(PROVIDED DATA Opens)
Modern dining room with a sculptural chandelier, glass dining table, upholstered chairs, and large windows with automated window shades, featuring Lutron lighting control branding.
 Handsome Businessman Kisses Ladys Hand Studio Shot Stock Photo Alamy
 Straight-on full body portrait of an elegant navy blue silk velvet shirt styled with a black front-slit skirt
(PROVIDED DATA Closes)
- [TASK INSTRUCTIONS] Search the material above for "with". Copy each line that has it.

- [ANSWER SECTION]
Modern dining room with a sculptural chandelier, glass dining table, upholstered chairs, and large windows with automated window shades, featuring Lutron lighting control branding.
 Straight-on full body portrait of an elegant navy blue silk velvet shirt styled with a black front-slit skirt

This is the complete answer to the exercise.